Monday, February 12, 2018

A Creative Sunday: Transfiguring Trash to Prepare for Ash Wednesday

As we drove to church with our car full of trash and an easel, my spouse said, "None of this is coming home with us, right?"  I said, "Right."

Once I had the three dresser drawers and the trash laid out, I worried that we might not have enough raw materials to create shadow boxes:




I needn't have worried.   This group of people are up to any task.



One group layered their drawer with pages from old hymnals:



I started with some old candles and the branches from the banana tree that Hurricane Irma destroyed.
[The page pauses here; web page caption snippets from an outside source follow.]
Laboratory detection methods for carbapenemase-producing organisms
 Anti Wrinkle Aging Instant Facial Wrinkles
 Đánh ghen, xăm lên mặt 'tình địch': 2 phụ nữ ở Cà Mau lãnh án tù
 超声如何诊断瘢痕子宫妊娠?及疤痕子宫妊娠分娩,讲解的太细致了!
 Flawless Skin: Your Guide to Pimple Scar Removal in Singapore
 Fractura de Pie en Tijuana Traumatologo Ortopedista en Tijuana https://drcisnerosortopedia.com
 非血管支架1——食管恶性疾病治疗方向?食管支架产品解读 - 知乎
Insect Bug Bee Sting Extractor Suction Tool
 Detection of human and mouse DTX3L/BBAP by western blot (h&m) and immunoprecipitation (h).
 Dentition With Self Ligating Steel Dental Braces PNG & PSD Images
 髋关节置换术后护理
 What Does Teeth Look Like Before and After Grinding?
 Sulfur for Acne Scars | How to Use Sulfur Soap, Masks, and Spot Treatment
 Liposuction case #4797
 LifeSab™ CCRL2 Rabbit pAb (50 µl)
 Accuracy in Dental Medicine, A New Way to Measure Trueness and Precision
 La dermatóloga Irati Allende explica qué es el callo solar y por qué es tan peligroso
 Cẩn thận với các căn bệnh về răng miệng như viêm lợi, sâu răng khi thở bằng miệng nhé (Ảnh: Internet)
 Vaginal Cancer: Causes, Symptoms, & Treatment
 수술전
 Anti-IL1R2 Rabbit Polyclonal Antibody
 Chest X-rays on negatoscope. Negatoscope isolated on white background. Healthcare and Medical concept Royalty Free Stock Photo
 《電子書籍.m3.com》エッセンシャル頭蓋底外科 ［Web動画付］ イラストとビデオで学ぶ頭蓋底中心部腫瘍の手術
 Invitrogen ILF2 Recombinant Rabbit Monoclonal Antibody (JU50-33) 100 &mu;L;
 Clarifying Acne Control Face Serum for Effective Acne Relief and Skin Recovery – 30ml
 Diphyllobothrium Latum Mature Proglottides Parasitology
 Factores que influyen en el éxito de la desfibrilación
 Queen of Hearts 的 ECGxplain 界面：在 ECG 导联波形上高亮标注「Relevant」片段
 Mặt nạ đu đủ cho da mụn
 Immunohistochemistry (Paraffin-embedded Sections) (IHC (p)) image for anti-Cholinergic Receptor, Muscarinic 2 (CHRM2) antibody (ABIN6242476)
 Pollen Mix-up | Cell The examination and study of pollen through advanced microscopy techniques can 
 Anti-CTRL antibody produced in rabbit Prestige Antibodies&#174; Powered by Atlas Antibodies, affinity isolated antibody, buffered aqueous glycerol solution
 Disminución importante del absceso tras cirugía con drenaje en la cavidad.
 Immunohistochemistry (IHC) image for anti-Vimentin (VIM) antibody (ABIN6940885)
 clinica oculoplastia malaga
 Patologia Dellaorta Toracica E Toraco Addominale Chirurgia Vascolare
When I started ripping an old map, people's eyes lit up.  The locations are places where I've lived, places that feel lost to me now:



One group took a wrapped box and went in a different direction--cool!  The box was wrapped for part of a Christmas display at my school, and then I used it in my Baptism of Jesus altarscape (it was covered in fabric, but it provided height).  And here it is, transfigured again:




I was impressed with what we were able to create in just 45 minutes:




Here is how the box covered with hymnal pages ended up:



And here's how we will use them in the chancel:



I'm calling this a success:  hurricane trash transfigured into works of art.  In some ways, it's the opposite of the Ash Wednesday message--except that eventually, these works of art go to the trash bin where they were headed in the first place.